§ **Material shown**:
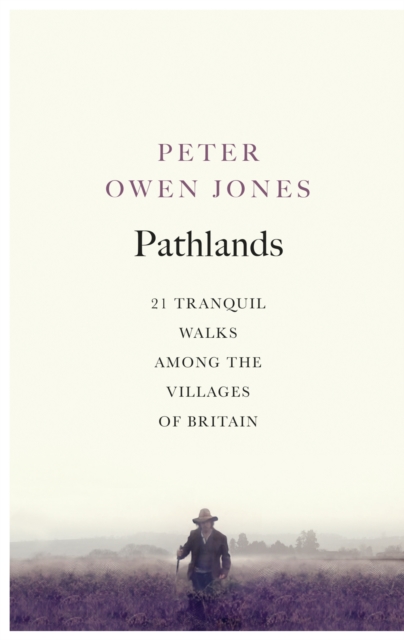 Pathlands : 21 Tranquil Walks Among the Villages of Britain, EPUB eBook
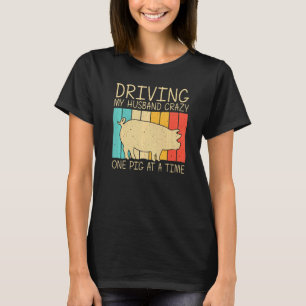 Pig For Women Mum Bacon Animal Swine Farmer Pigs T-Shirt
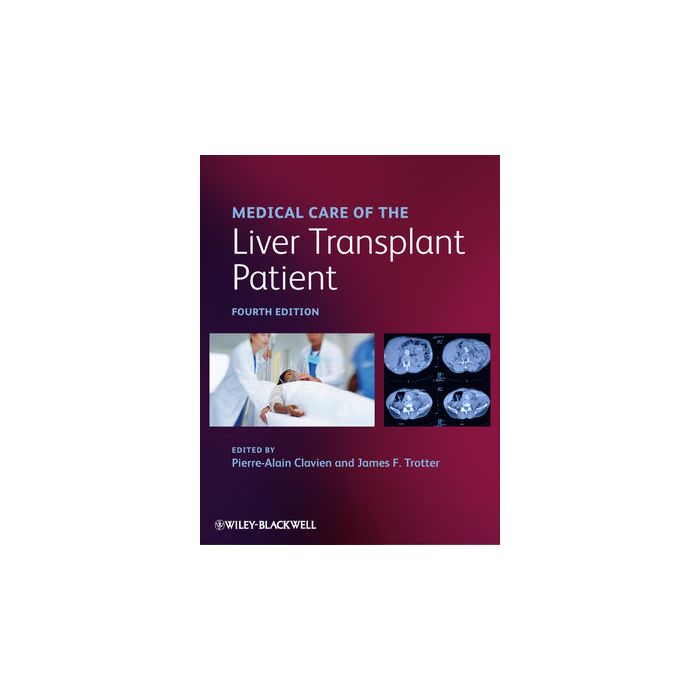 Medical Care of the Liver Transplant Patient, 4ed.  Clavien Pierre-Alain; Trotter James F.  Wiley - Blackwell  9781444335910 Medical Care of the Liver Transplant Patient, 4ed.  Clavien Pierre-Alain; Trotter James F.  Wiley - Blackwell  9781444335910
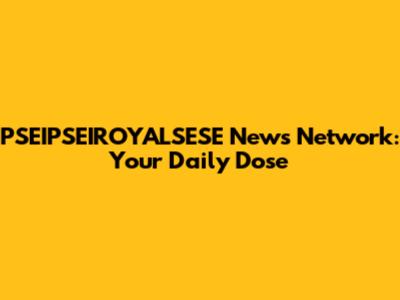 PSEIPSEIROYALSESE News Network: Your Daily Dose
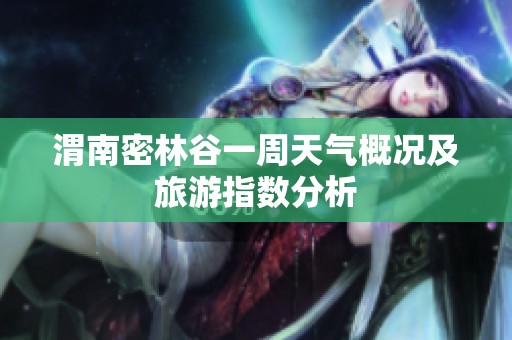 渭南密林谷一周天气概况及旅游指数分析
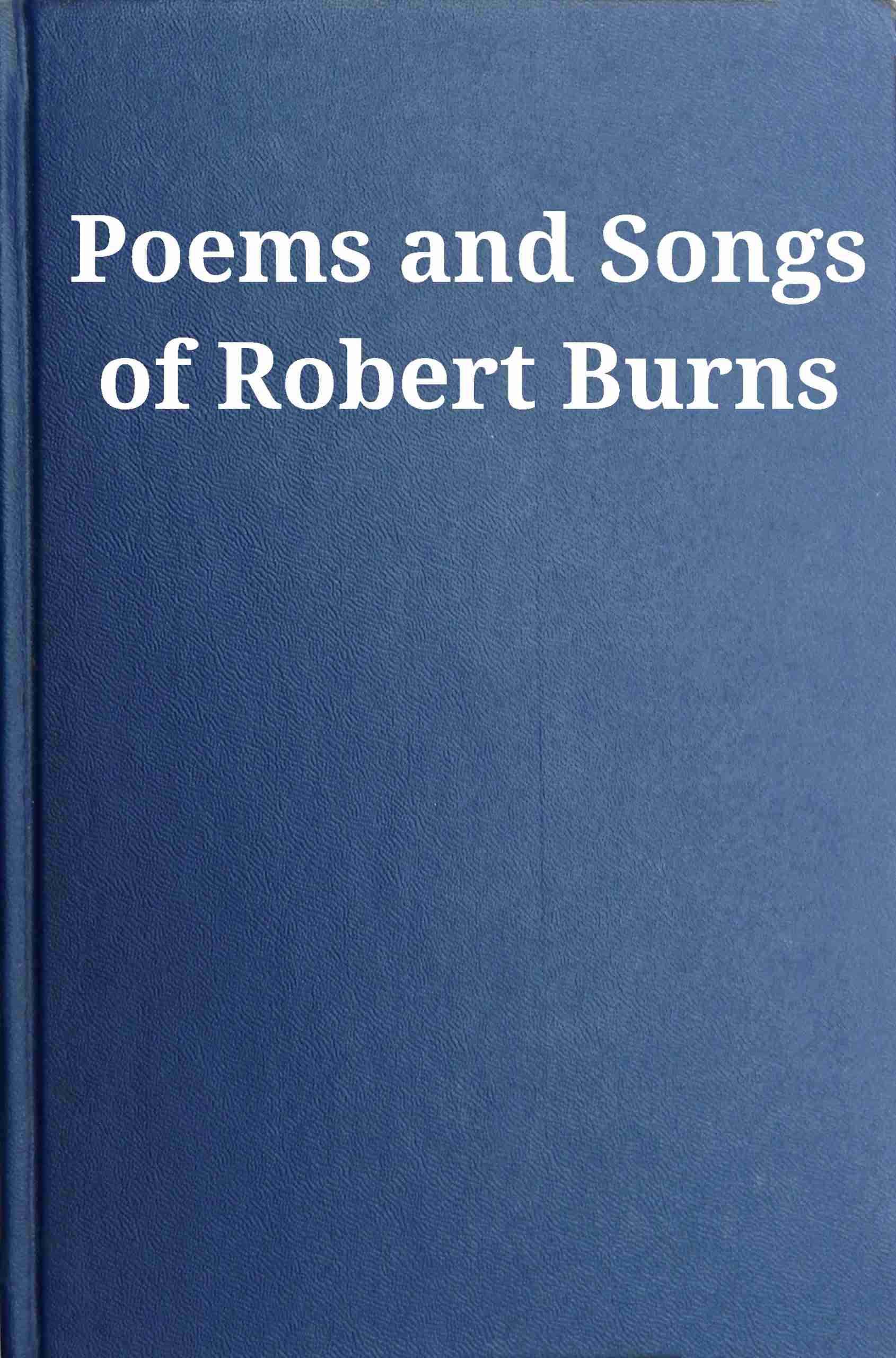 Poems and Songs of Robert Burns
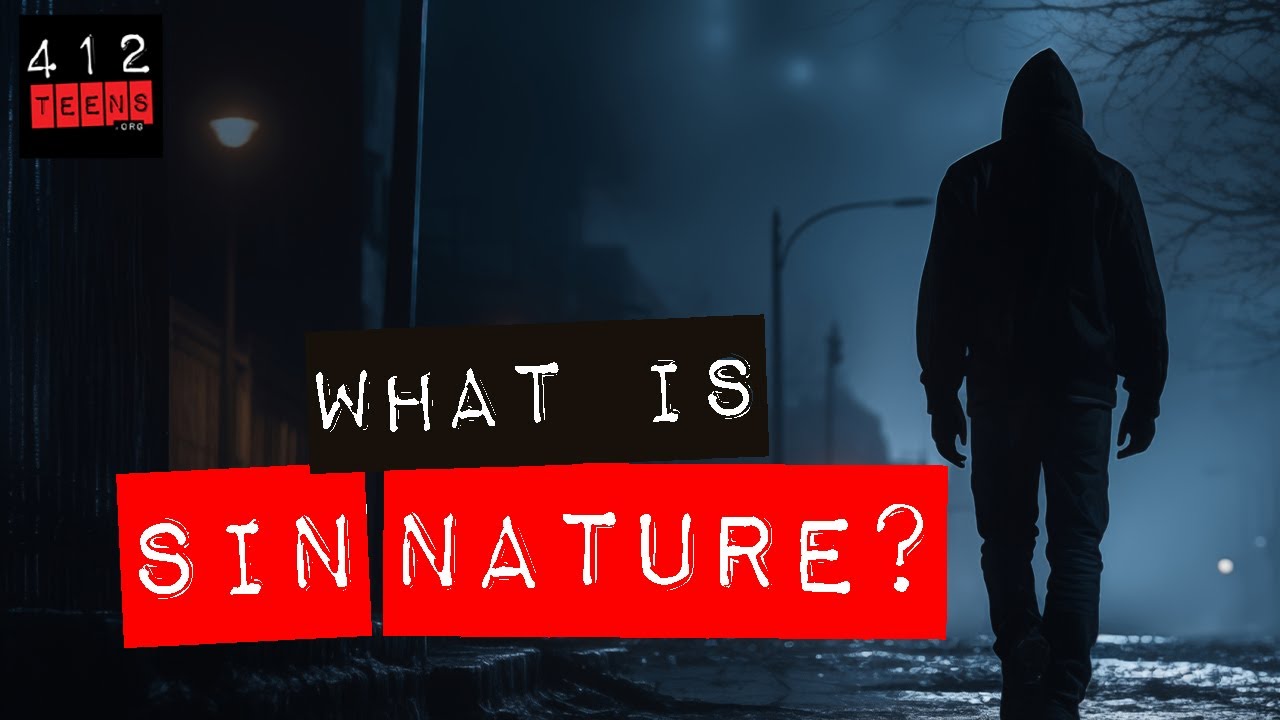 What is the sin nature? | 412teens.org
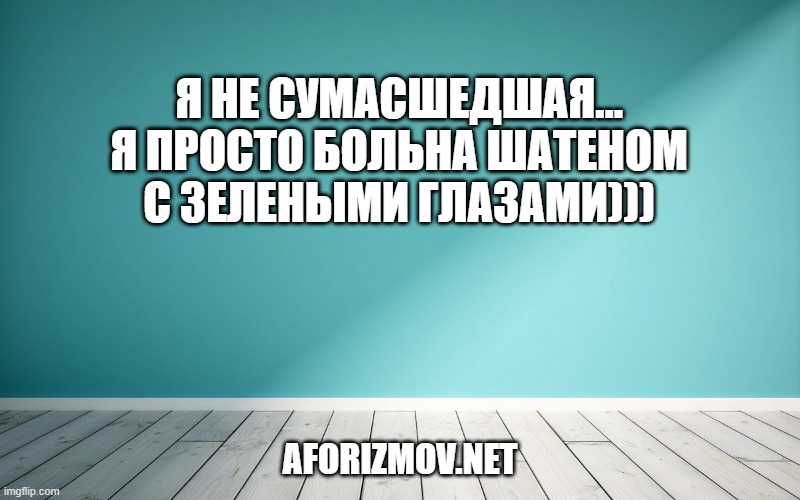 Я не сумасшедшая… Я просто больна шатеном с зелеными глазами)))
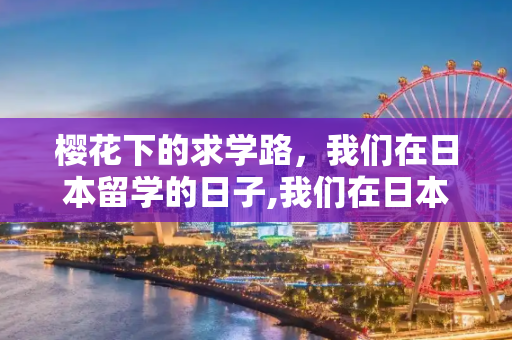 樱花下的求学路，我们在日本留学的日子,我们在日本留学的日子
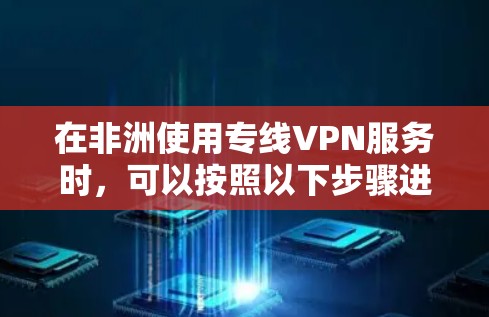 在非洲使用专线VPN服务时,可以按照以下步骤进行选择和使用 在非洲使用专线VPN服务时,可以按照以下步骤进行选择和使用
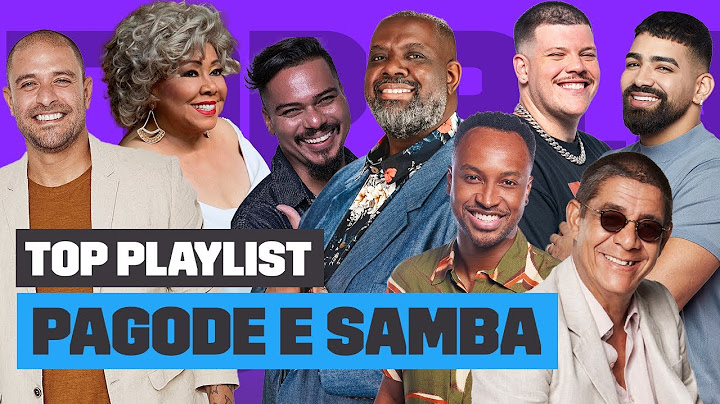 Playlist de PAGODE e SAMBA com PÉRICLES, THIAGUINHO, ZECA PAGODINHO e mais! | Top Playlist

§ **Task goal**: The expected result is every record above, word for word, with no pictures in it.

§ **The completed task**:
 Pathlands : 21 Tranquil Walks Among the Villages of Britain, EPUB eBook
 Pig For Women Mum Bacon Animal Swine Farmer Pigs T-Shirt
 Medical Care of the Liver Transplant Patient, 4ed.  Clavien Pierre-Alain; Trotter James F.  Wiley - Blackwell  9781444335910 Medical Care of the Liver Transplant Patient, 4ed.  Clavien Pierre-Alain; Trotter James F.  Wiley - Blackwell  9781444335910
 PSEIPSEIROYALSESE News Network: Your Daily Dose
 渭南密林谷一周天气概况及旅游指数分析
 Poems and Songs of Robert Burns
 What is the sin nature? | 412teens.org
 Я не сумасшедшая… Я просто больна шатеном с зелеными глазами)))
 樱花下的求学路，我们在日本留学的日子,我们在日本留学的日子
 在非洲使用专线VPN服务时,可以按照以下步骤进行选择和使用 在非洲使用专线VPN服务时,可以按照以下步骤进行选择和使用
 Playlist de PAGODE e SAMBA com PÉRICLES, THIAGUINHO, ZECA PAGODINHO e mais! | Top Playlist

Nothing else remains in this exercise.